Hierarquia entre os direitos
SOBRE A HIERARQUIA ENTRE OS DIREITOS FUNDAMENTAIS
Por Jailson de Souza e Silva¹ (jailson@observatoriodefavelas.org.br)
Rio de Janeiro – Poucas vezes, em momentos de escrita, senti-me tão indignado, triste, enraivecido e impotente com a situação que vivemos em nossa cidade no campo da segurança pública. Impossível escapar desse sentimento: a situação falimentar do governo do Rio de Janeiro é conhecida de todos. Ela foi provocada pela presença no controle do estado e do governo federal de um grupo político corrupto, incompetente e insensível às necessidades da maioria da população; pela crise econômica nacional/internacional e a queda do preço e da indústria do petróleo. Para sair dela, faz-se urgente a busca de soluções inovadoras e participativas, que contem com o apoio da sociedade e das organizações comprometidas com o desenvolvimento, numa perspectiva republicana, do Rio de Janeiro. O que temos assistido, todavia, é exatamente o contrário: um governo sem legitimidade e capacidade de escapar da paralisia, que escolheu destruir as políticas sociais e se manter no cargo oferecendo benesses a parlamentares e fazendo concessões ao poder judiciário. Que escolheu o desgoverno e a inação como estratégias.

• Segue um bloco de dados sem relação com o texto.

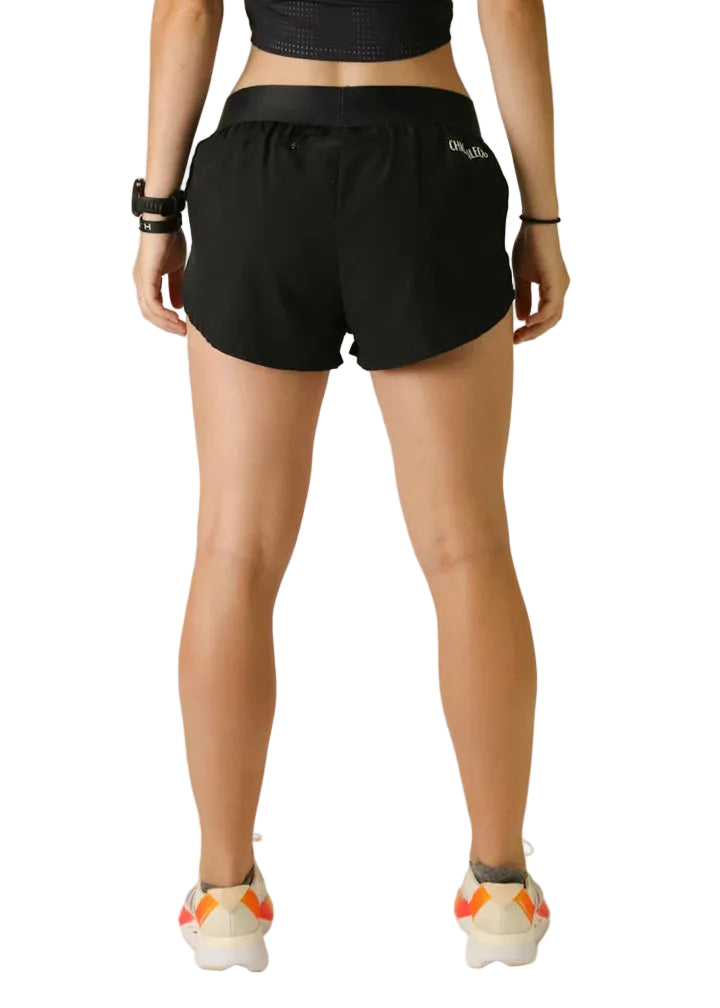 CHICKNLEGS Black 1.5” Split Shorts BACK SIDE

Nesse quadro, chama atenção o processo de desmonte da política de segurança pública, em particular a destruição da estratégia das Unidades Policiais Pacificadoras – UPPs. Não é preciso ser especialista em segurança para se reconhecer que a Policia, especialmente a Polícia Militar, age na atual conjuntura sem qualquer tipo de controle de sua cúpula ou uma estratégia global. Em um quadro de denúncias sucessivas de sucateamento dos equipamentos e serviços das suas forças e estruturas, vemos a ressurgência, com uma intensidade que nos desacostumamos a ver e com maior impacto que antes das UPPs, de práticas de guerra estabelecidas pela polícias, em particular contra uma facção criminosa específica. Jacarezinho, Alemão, Rocinha, Cidade de Deus, Nova Holanda/Parque União: grandes favelas, dentre outras, transformadas em filiais do inferno nas últimas semanas. Tudo em função da ação descontrolada, irracional, de uma polícia que alega não ter recursos nem para combustível, mas promove enfrentamentos de alta intensidade e custo, sem nenhum resultado digno de nota. O que resta depois dessas operações é o imenso gasto de munição, imensa mobilização de policiais e, acima de tudo, a destruição de vidas, humanas vidas: jovens policiais, jovens traficantes, crianças e tantos outros moradores de favelas em que não existe esperança de paz ou de respeito à dignidade humana. Os dados das primeiras semanas do ano são públicos e assustadores, tanto em termos de vítimas das forças policiais quanto de população civil morta em pretensos confrontos. E agora, em Nova Holanda, outra vez, uma criança é assassinada. Quem responde por essa vida? Quem responde por essa morte? Quem vai explicar para essa mãe que sua vida pode voltar a ter sentido e que ela é uma cidadã de direitos?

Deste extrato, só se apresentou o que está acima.